Wagner-Chef spricht über Fortschritt der Offensive

Wagner-Anführer Jewgeni Prigoschin gab in einem am Samstag veröffentlichten Video erneute Fortschritte seiner Kämpfer bekannt. "Dies ist das Gebäude der Stadtverwaltung, das ist das Zentrum der Stadt", sagte Prigoschin in dem im Onlinedienst Telegram veröffentlichten Video, während er vom Dach eines angeblich in Bachmut stehenden Hauses auf ein Gebäude zeigt.

"Das ist einen Kilometer und 200 Meter entfernt. Das ist das Gebiet, wo Kämpfe stattfinden", führt Prigoschin aus. Seine Aussagen konnten zunächst nicht unabhängig geprüft werden.

Das Wichtigste sei nun, Munition zu bekommen und "voranzukommen", sagte Prigoschin. Der Wagner-Chef wirft der russischen Armeeführung seit Wochen vor, seine Kämpfer nicht ausreichend mit Munition zu versorgen. In seinem Video griff er erneut den russischen Verteidigungsminister Sergej Schoigu und den Generalstabschef Waleri Gerassimow an und bezeichnete sie ironisch als "außergewöhnliche Militärbefehlshaber".
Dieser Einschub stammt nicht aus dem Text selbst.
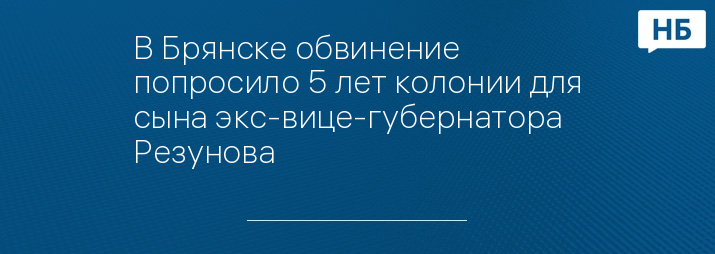 В Брянске обвинение попросило 5 лет колонии для сына экс-вице-губернатора Резунова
Britisches Verteidigungsministerium sieht russische Gebietsgewinne

Das britische Verteidigungsministerium bestätigte am Samstag, die Wagner-Söldner hätten in den vergangenen vier Tagen den "größten Teil des Ostens" von Bachmut unter ihre Kontrolle gebracht. Dem Ministerium zufolge kontrollieren die ukrainischen Streitkräfte noch den Westen der Stadt und haben wichtige Brücken über den Fluss Bachmutka zerstört, der mitten durch die Stadt fließt.

In der südukrainischen Stadt Cherson wurden unterdessen nach Behördenangaben mindestens drei Menschen bei einem russischen Angriff getötet, zwei weitere wurden verletzt. Der pro-russische Bürgermeister von Donezk im Osten der Ukraine erklärte, durch ukrainischen Beschuss seien zwei Menschen getötet worden, darunter ein Kind.

ribbon Zusammenfassung
  • Der Kommandant der ukrainischen Bodentruppen, Oleksandr Syrskyj, erklärte, der erbitterte Kampf um Bachmut in der Ostukraine trage dazu bei, Zeit für die Vorbereitung einer Gegenoffensive gegen die russische Armee zu gewinnen.
  • Unterdessen befanden sich die Kämpfer der russischen Söldnertruppe Wagner nach Angaben ihres Chefs bereits in der Nähe des Stadtzentrums von Bachmut.